2.0 years ago by
It depends on what you mean by GSEA. That term is generally assumed to mean the specific methods developed at the Broad Institute. There are other methods, such as using Fisher's exact test (based on the hypergeometric distribution) and other gene set tests, which include the so-called competitive and self-contained gene set tests.
It also depends on what sort of data you have. You say microarray data, but then you list goseq, which is intended for RNA-Seq data.
There is really no such thing as 'best', for any statistical method. Instead there are the assumptions you are willing to make, and the hypothesis you are trying to test. And how well you understand a method and will be able to explain to others. That last one often trumps the first two.

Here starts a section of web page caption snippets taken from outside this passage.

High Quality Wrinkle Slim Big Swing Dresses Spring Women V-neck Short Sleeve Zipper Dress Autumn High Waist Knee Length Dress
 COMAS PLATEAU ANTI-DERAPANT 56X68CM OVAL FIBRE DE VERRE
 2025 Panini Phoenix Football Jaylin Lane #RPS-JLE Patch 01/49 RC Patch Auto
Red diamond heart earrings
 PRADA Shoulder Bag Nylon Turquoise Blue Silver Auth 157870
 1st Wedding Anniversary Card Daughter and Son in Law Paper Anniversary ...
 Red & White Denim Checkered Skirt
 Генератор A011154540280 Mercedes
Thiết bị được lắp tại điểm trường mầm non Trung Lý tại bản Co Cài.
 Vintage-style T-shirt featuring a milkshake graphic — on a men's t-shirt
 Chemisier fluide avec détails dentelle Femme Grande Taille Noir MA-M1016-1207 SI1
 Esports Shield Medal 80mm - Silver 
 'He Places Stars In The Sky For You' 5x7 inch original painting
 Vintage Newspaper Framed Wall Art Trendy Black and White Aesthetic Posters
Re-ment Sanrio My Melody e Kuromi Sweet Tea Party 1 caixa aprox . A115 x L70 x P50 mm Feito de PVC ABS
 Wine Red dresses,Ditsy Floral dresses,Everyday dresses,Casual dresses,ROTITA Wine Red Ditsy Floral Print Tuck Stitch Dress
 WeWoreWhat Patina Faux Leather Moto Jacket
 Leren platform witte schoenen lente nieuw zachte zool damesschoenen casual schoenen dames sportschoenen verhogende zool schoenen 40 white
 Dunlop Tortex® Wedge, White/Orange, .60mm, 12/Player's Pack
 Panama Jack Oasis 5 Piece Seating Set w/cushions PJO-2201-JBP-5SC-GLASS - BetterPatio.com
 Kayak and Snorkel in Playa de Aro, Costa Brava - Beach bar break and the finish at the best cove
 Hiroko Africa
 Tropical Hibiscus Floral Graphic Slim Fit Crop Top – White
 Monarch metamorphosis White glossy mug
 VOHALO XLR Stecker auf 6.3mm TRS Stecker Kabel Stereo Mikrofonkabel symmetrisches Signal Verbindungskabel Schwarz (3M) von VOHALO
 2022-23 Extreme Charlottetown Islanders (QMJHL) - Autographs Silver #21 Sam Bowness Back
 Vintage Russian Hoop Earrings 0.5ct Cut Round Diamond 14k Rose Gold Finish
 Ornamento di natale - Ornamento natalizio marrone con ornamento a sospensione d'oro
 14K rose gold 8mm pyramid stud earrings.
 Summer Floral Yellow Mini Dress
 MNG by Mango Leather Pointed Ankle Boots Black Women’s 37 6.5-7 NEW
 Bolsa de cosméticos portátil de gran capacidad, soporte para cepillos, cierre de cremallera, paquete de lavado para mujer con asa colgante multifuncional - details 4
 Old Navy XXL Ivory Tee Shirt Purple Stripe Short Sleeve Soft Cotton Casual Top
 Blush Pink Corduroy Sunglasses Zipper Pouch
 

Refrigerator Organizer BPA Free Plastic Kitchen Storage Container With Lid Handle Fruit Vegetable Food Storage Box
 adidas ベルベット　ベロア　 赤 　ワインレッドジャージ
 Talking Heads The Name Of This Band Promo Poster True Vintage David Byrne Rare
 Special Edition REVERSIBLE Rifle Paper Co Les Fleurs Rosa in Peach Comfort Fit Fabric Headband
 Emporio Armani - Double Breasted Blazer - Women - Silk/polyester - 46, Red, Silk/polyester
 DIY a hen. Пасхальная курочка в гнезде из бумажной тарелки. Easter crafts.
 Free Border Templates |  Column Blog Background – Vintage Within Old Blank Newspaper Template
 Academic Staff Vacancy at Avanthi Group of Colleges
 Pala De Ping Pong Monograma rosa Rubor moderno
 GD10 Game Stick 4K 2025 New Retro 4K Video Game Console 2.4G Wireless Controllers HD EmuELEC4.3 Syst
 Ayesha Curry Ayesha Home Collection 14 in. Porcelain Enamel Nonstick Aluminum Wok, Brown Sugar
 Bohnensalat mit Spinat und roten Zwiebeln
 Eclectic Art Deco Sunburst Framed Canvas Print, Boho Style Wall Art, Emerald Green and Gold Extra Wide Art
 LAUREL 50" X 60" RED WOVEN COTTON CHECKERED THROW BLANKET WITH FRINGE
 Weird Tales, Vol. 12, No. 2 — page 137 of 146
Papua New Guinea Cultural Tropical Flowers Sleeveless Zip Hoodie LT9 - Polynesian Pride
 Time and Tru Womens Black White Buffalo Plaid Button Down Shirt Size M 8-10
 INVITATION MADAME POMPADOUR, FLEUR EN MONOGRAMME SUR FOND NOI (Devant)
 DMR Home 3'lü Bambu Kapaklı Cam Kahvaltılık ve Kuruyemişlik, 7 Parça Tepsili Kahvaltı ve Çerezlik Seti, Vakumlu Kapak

The 'conventional' test for a KeGG pathway is probably Fisher's exact, where you are deciding (based on some cutoff) which genes are significant, then further apportioning into the genes that are in the set and those that are not in the set. You then test to see if there are more significant genes that are in the pathway than you would expect by chance. I am not sure you can use topGO for that sort of test, but you can for sure use GOstats.
You can argue that using a cutoff is an arbitrary construct that ignores the genes right below the cutoff. If you want to make that argument, then you want to use either GSEA or a gene set test of some sort. I don't know if there is a 'pure' version of GSEA in BioC, but you can use e.g., the GSEAbase and GSEAlm packages to do gene set testing based on linear models and t-statistics. Or you could use the limma package, which has multiple methods (romer, roast, camera, geneSetTest), that do various different gene set tests, with various underlying assumptions.
The biggest difference (IMO) between the Fisher's exact test and the various gene set tests is that the results from a Fisher's exact 'look more real' to the average biologist as compared to the results of a gene set test. In other words, for the Fisher's exact test you have a set of genes that you are saying are significantly differentially expressed, and then just seeing if a gene set has more significant genes than you would expect by chance. So you are starting out with genes that you (and more importantly, your collaborator or PI) consider truly differentially expressed.
For the other gene set tests you are instead either ranking the genes by a statistic and testing if the gene set is higher or lower in the ranking than you would expect by chance (competitive gene set test), or you are testing that at least one gene in the set is significant (self-contained gene set test). In both cases most if not all of the genes may not actually be significantly differentially expressed. That can be a hard sell - it can be difficult to explain to non-statisticians how a set of genes, most of which aren't differentially expressed, can in aggregate be significant.